Over the past few years, however, the U.S. asylum system has become a proxy process for migrants to stay and work in America, irrespective of whether they have valid claims or not. A mounting backlog of roughly 3 million pending cases has crippled the federal immigration court system's ability to adjudicate claims in a timely fashion.

Most migrants are not screened for asylum at the southern border anyway, federal statistics show, since the government does not have sufficient asylum officers, holding facilities and other resources to interview asylum-seekers under a process known as expedited removal. Consequently, most of those who are not deported are generally released with court cases that typically take years to complete.

Some migrants braving the elements in the Arizona desert said they were escaping dangerous situations.

Segura Salgado, the migrant mother from Mexico, said she came to the U.S. due to the violence in the Mexican state of Guerrero, a region plagued by violent crime and drug trafficking. She said a relative was recently killed there.

"I am fighting as much as I can so my children can have something better.
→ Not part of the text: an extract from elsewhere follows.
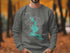 Sweatshirt with Mooselookmeguntic Lake map and compass rose graphic.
A warm bed where they can sleep without having to hear a gunshot," Segura Salgado said.

A daily battle against smugglers 

The spike in migrant crossings comes as Congress debates an overhaul of the asylum system.

Republicans have capitalized on the unprecedented levels of border crossings to demand sweeping asylum restrictions as part of ongoing negotiations over President Biden's multi-billion-dollar national security funding request, which includes aid to Israel, Ukraine and Taiwan. GOP lawmakers have said they will not support additional assistance to Ukraine unless the bill includes asylum restrictions.

The dynamic could pave the way for the first overhaul of the U.S. immigration system since 1996. But the talks could also meet the same fate of previous failed immigration reform efforts over the past two decades.

Over the past year, the Biden administration has sought to manage migration at the southern border through a strategy that pairs stricter asylum rules for those who enter the country illegally with expanded channels for migrants to come legally, including by launching an app that allows them to get appointments to be processed at ports of entry.

While officials credited the strategy for a two-year low in illegal border crossings in June, unauthorized migration has increased sharply since then, frustrating Republican lawmakers and Democrats in communities struggling to house the new arrivals, such as New York City and Chicago.

Customs and Border Protection said it was surging staff and resources to the Arizona desert and targeting transportation companies used by smuggling organizations to shuffle migrants near the U.S. border.

Border Patrol agents battle those smuggling organizations every day. In the Organ Pipe National Monument, for example, the movement of migrants is rarely organic. It's typically organized by a network of smugglers in Mexico who cut parts of the border wall to let groups of migrants into the U.S.

Just a few miles away from the outdoor staging area, dozens of migrants streamed through a small breach in the border wall. They started running after the suspected smugglers told them that reporters were filming the scene. The last to make their way through the breach were parents traveling with young children. The children smiled as they ran.

"They're filming!" one of the suspected smugglers said before running away and disappearing across a nearby Mexican highway.

The scene was not an anomaly. Border agents and contractors repair wall breaches on a daily basis, but they struggle to keep up with the smugglers.

Right next to the part of the wall that had just been breached was a bollard with a label indicating that it had been repaired earlier in the day.